- [Problem to work on]: For this exercise, repeat the whole listing below exactly. Leave the pictures out.

- [The data]:
********************

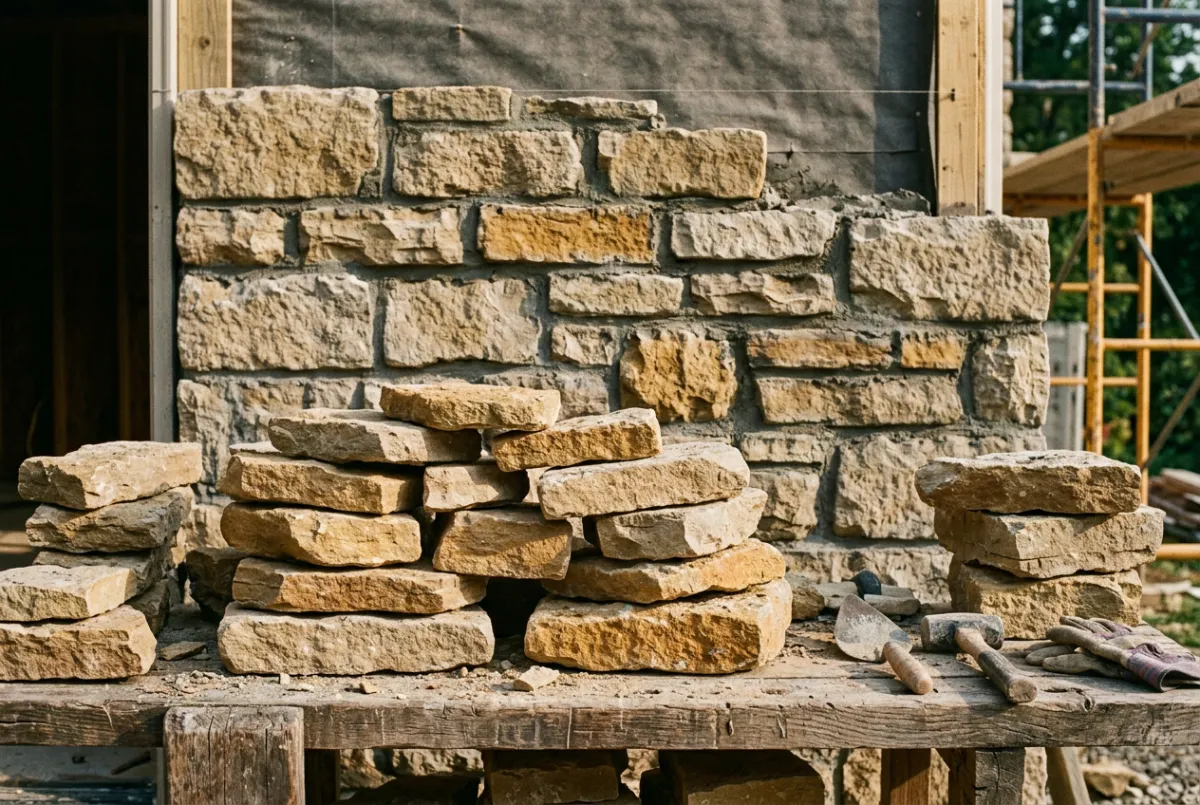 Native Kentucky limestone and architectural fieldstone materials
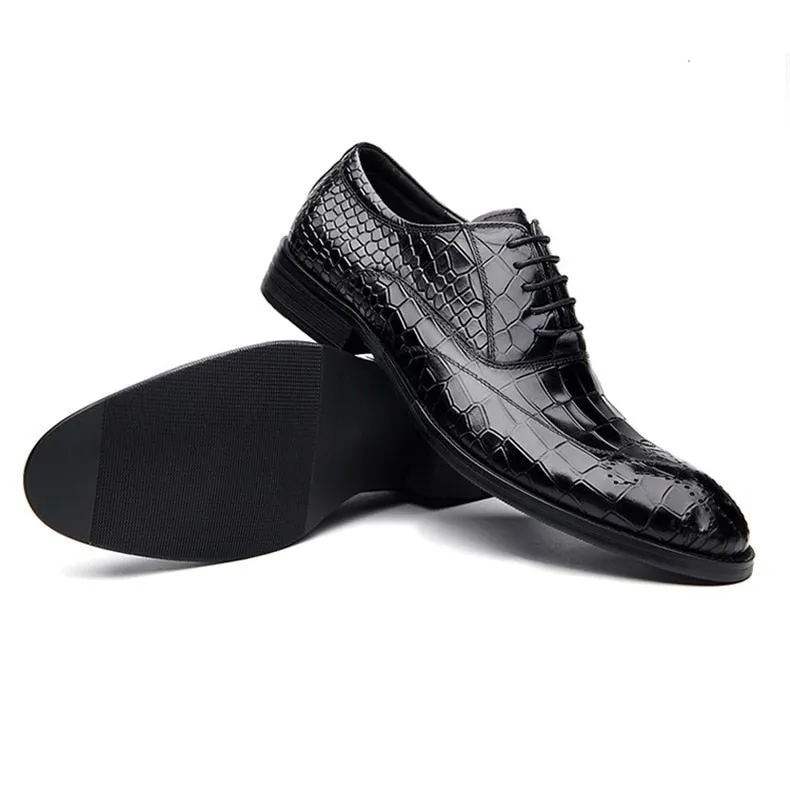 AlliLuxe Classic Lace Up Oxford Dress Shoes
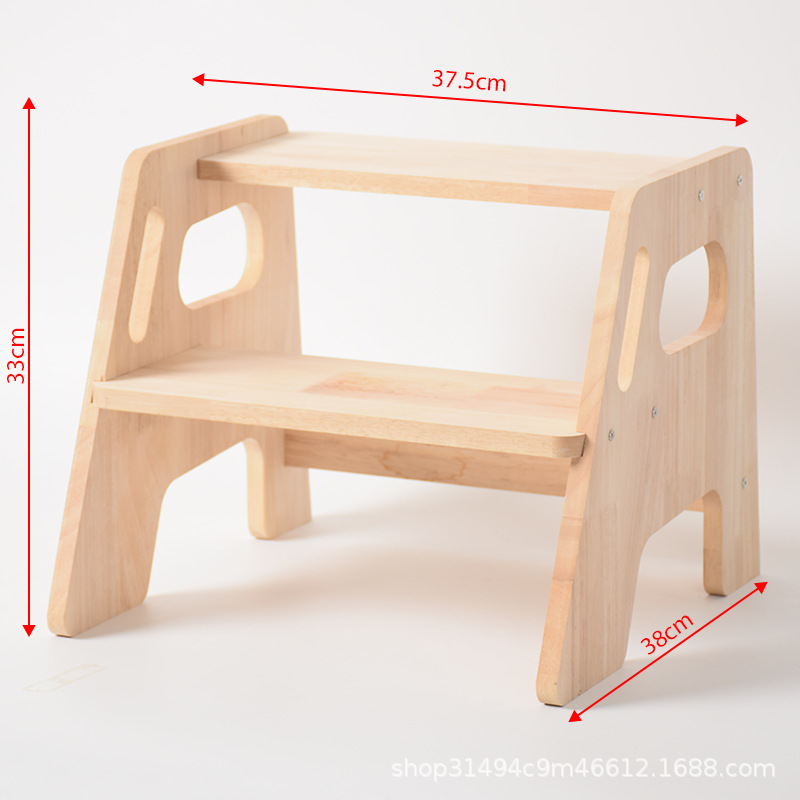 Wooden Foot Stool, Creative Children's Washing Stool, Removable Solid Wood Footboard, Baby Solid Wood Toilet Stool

********************

- [Response to the task]:
 Native Kentucky limestone and architectural fieldstone materials
 AlliLuxe Classic Lace Up Oxford Dress Shoes
 Wooden Foot Stool, Creative Children's Washing Stool, Removable Solid Wood Footboard, Baby Solid Wood Toilet Stool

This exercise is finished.